■ YOUR OBJECTIVE: Beginning at the line that contains "5908285 030 HERSKIND", output each line exactly through the end of the records, and drop any pictures.

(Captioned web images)
============

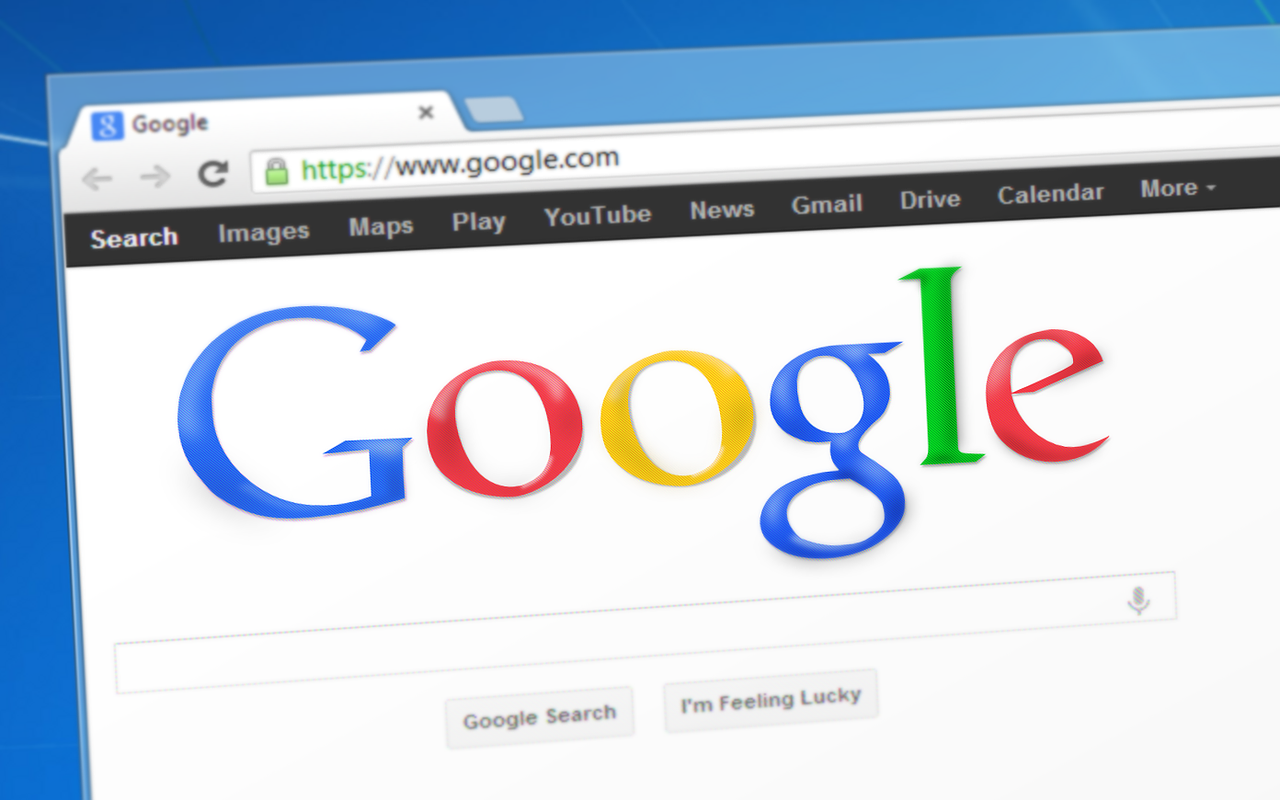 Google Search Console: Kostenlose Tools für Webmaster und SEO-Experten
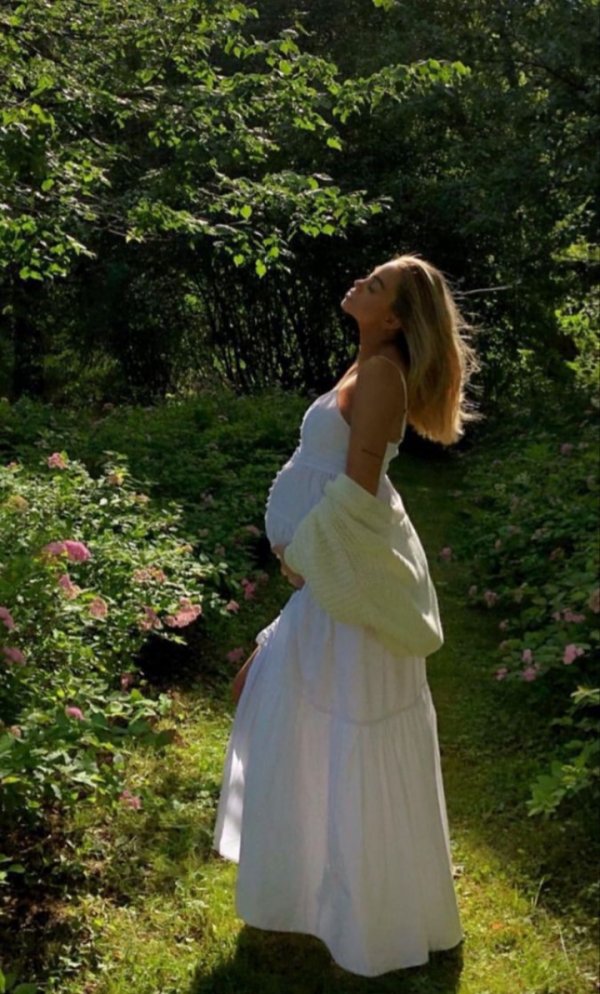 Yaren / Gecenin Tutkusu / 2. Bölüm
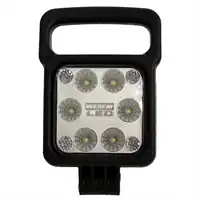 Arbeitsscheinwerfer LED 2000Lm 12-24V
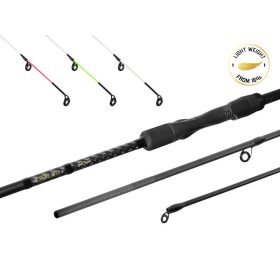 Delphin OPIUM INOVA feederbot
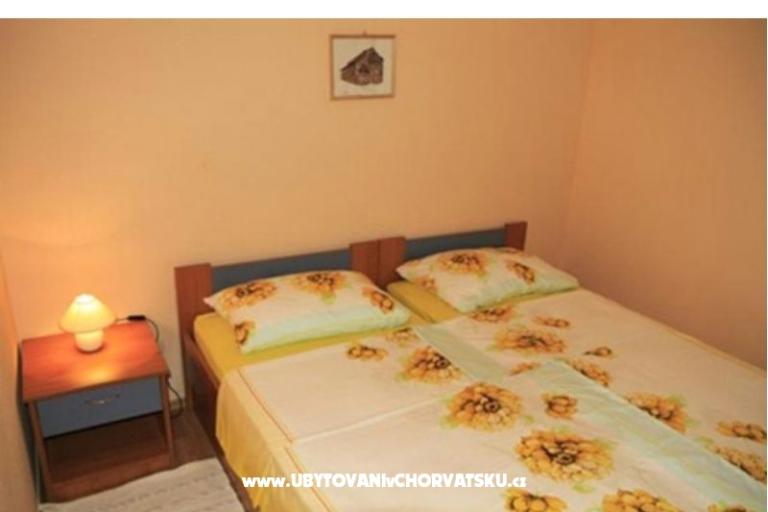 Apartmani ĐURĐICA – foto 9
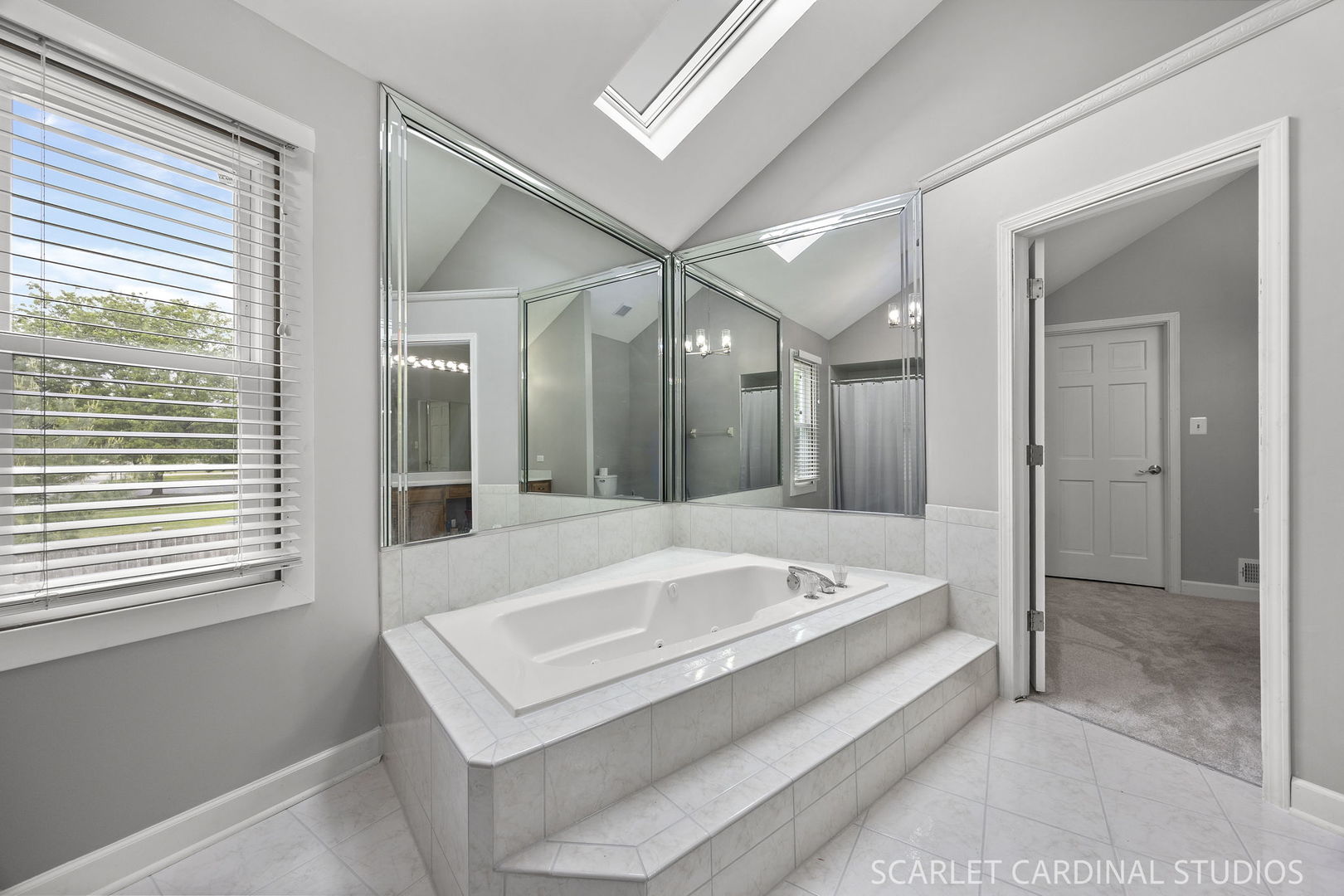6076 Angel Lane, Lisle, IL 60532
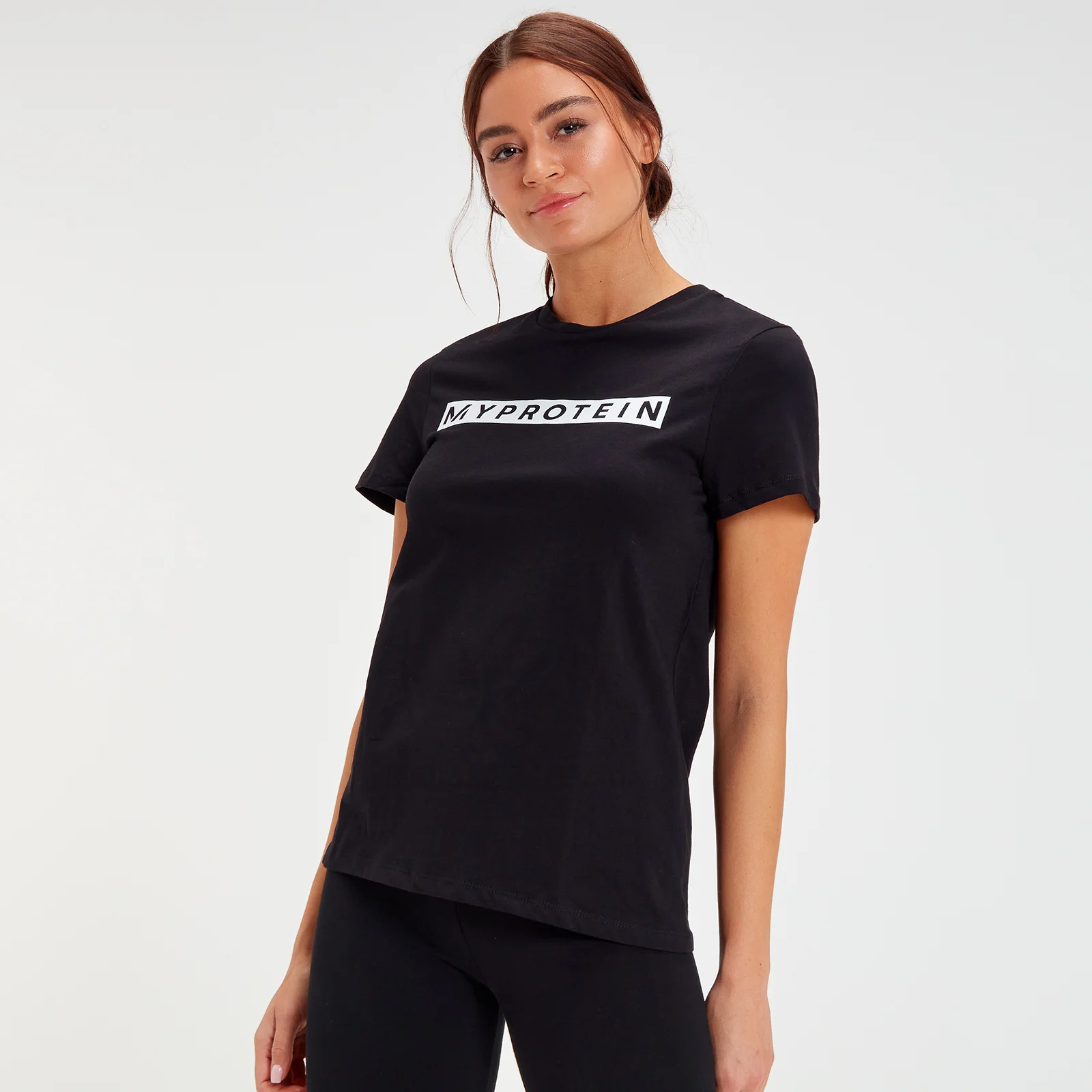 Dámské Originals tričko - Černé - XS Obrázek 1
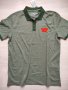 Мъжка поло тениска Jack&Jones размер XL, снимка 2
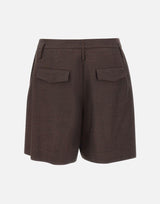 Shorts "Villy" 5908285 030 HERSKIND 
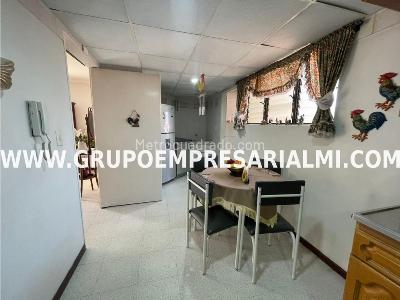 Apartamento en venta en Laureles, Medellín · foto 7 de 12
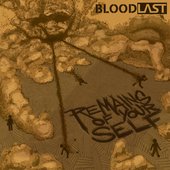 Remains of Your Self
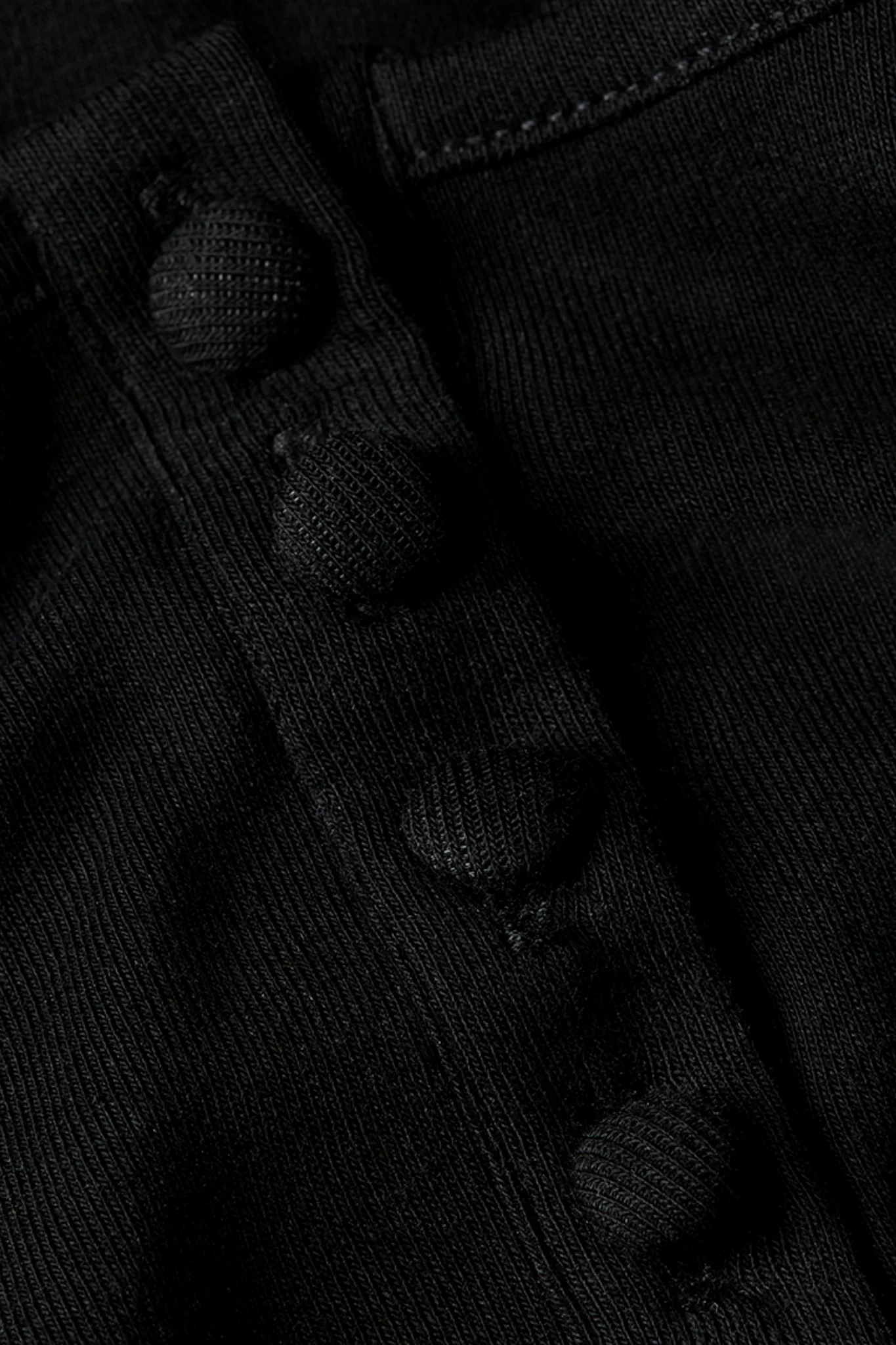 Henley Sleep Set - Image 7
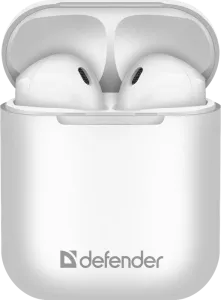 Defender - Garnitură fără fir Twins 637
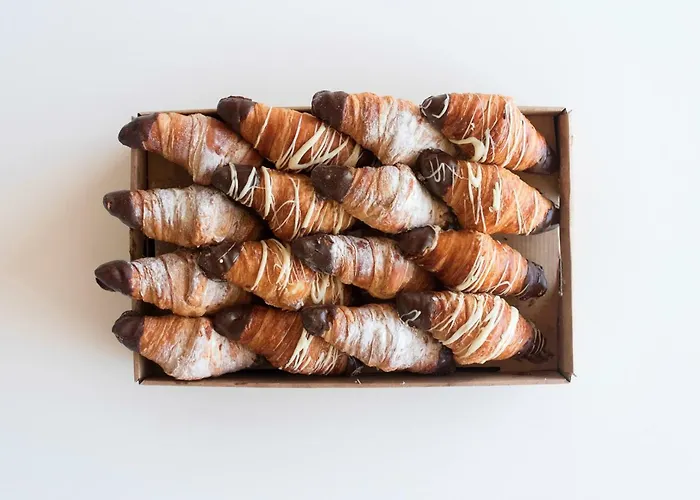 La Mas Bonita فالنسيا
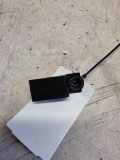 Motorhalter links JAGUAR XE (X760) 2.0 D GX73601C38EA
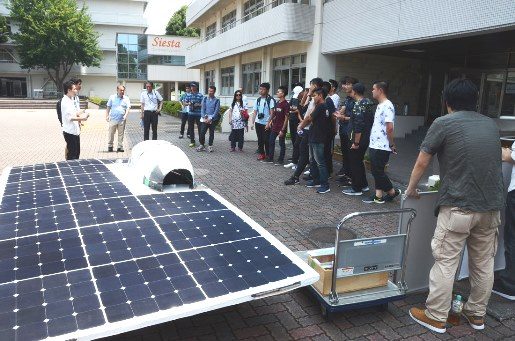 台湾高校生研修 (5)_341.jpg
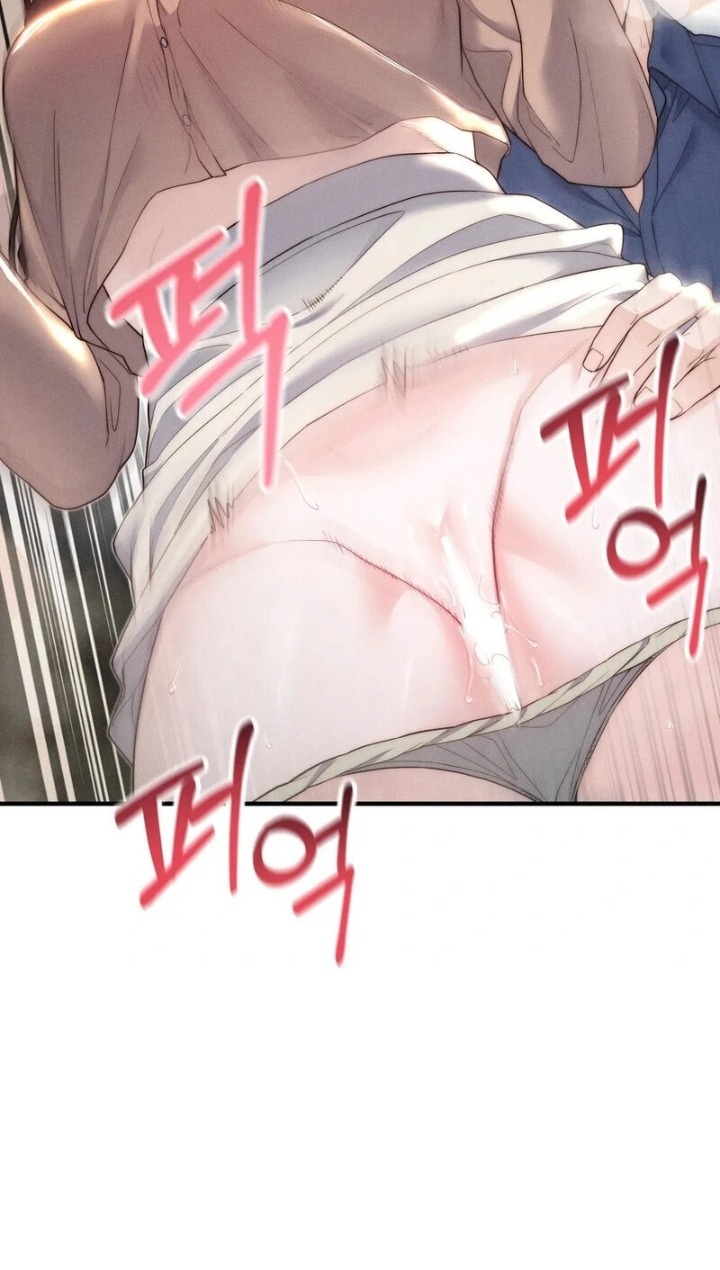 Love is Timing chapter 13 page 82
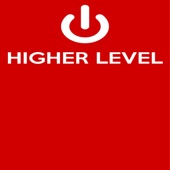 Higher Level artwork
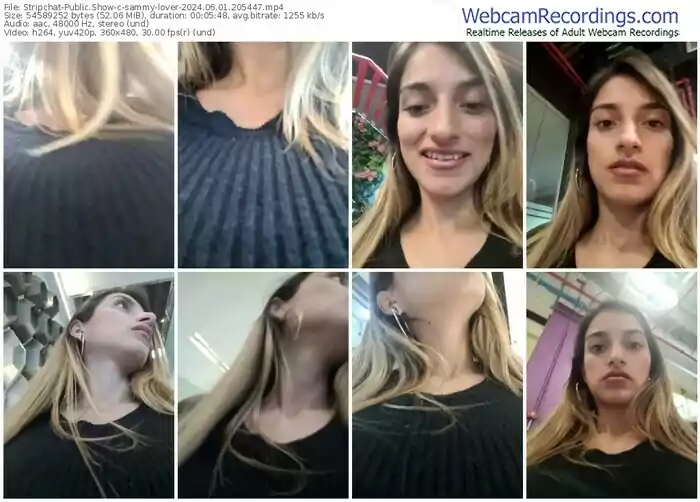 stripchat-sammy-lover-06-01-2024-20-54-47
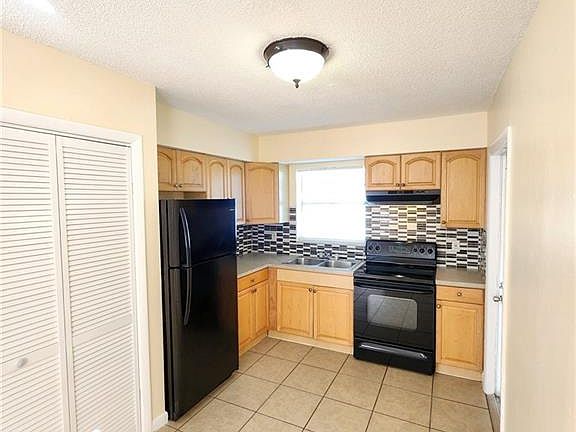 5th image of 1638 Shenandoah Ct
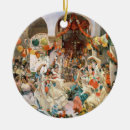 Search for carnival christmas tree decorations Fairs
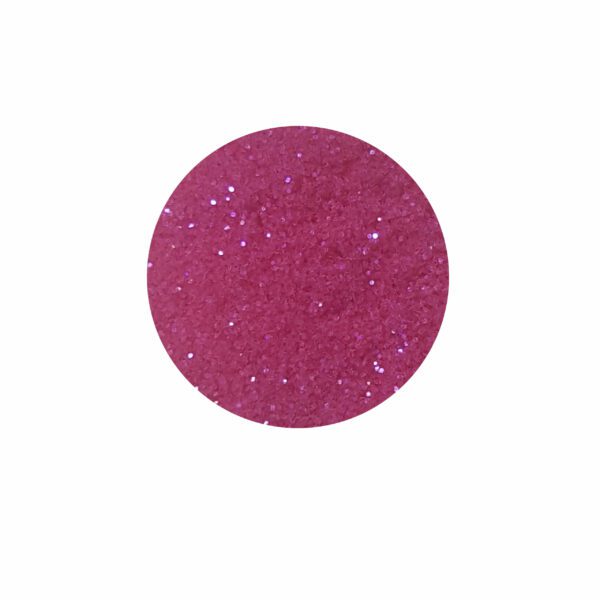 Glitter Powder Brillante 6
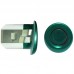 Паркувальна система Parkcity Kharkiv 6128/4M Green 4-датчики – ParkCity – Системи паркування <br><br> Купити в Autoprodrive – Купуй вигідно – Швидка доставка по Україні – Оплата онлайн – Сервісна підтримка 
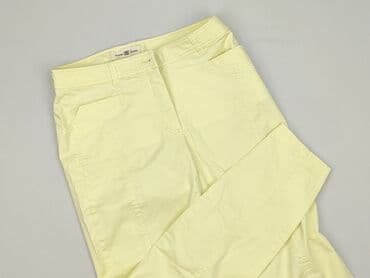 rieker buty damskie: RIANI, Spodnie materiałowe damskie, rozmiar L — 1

============

■ RESULT FOR THIS EXERCISE:
 Shorts "Villy" 5908285 030 HERSKIND 
 Apartamento en venta en Laureles, Medellín · foto 7 de 12
 Remains of Your Self
 Henley Sleep Set - Image 7
 Defender - Garnitură fără fir Twins 637
 La Mas Bonita فالنسيا
 Motorhalter links JAGUAR XE (X760) 2.0 D GX73601C38EA
 台湾高校生研修 (5)_341.jpg
 Love is Timing chapter 13 page 82
 Higher Level artwork
 stripchat-sammy-lover-06-01-2024-20-54-47
 5th image of 1638 Shenandoah Ct
 Search for carnival christmas tree decorations Fairs
 Glitter Powder Brillante 6
 Паркувальна система Parkcity Kharkiv 6128/4M Green 4-датчики – ParkCity – Системи паркування <br><br> Купити в Autoprodrive – Купуй вигідно – Швидка доставка по Україні – Оплата онлайн – Сервісна підтримка 
 rieker buty damskie: RIANI, Spodnie materiałowe damskie, rozmiar L — 1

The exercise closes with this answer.